Top of MATERIALS PROVIDED

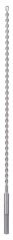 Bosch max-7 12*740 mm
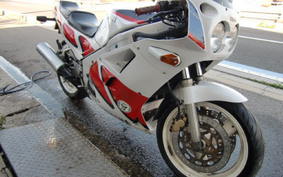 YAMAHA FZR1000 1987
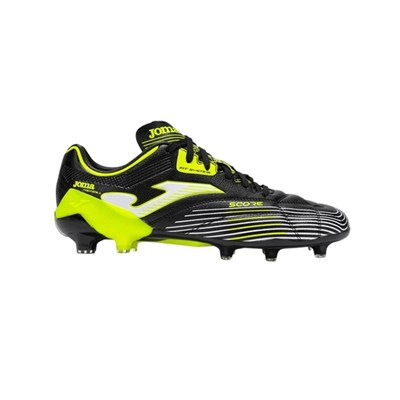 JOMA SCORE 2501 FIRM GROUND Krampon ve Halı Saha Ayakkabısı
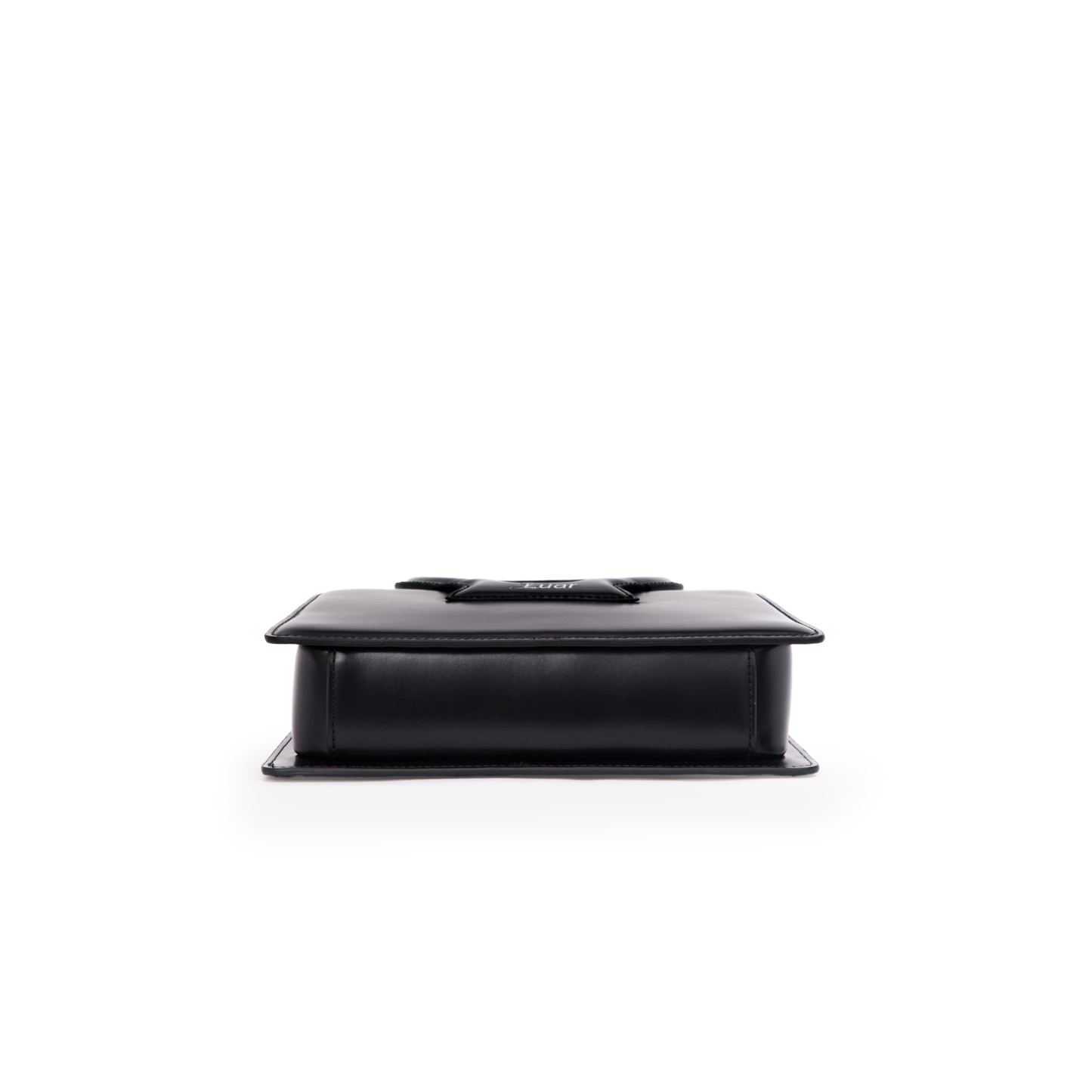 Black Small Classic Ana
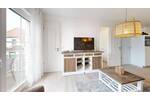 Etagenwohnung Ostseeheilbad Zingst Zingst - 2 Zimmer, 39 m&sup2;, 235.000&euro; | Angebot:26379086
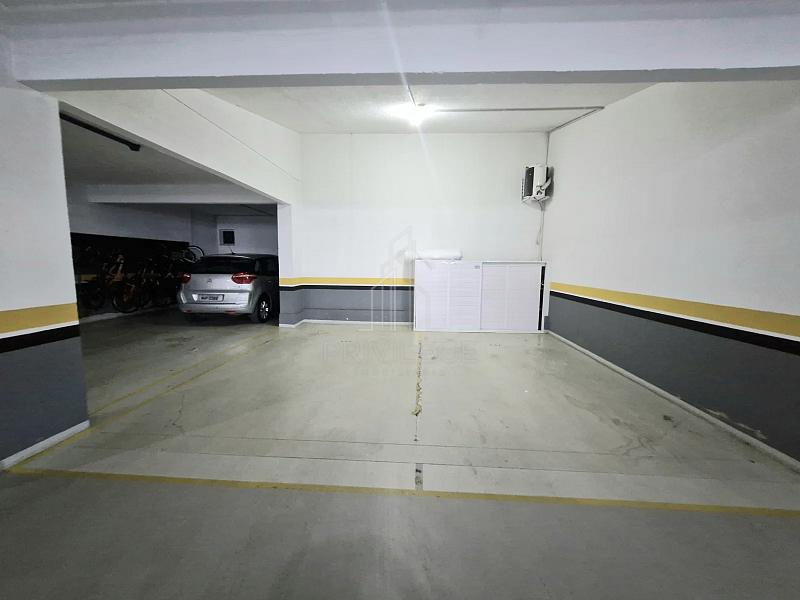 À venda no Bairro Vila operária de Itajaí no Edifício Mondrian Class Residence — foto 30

Bottom of MATERIALS PROVIDED

● **PROBLEM TO WORK ON**: The whole listing is to be duplicated verbatim, apart from its images.

● **RESULT FOR THIS EXERCISE**:
 Bosch max-7 12*740 mm
 YAMAHA FZR1000 1987
 JOMA SCORE 2501 FIRM GROUND Krampon ve Halı Saha Ayakkabısı
 Black Small Classic Ana
 Etagenwohnung Ostseeheilbad Zingst Zingst - 2 Zimmer, 39 m&sup2;, 235.000&euro; | Angebot:26379086
 À venda no Bairro Vila operária de Itajaí no Edifício Mondrian Class Residence — foto 30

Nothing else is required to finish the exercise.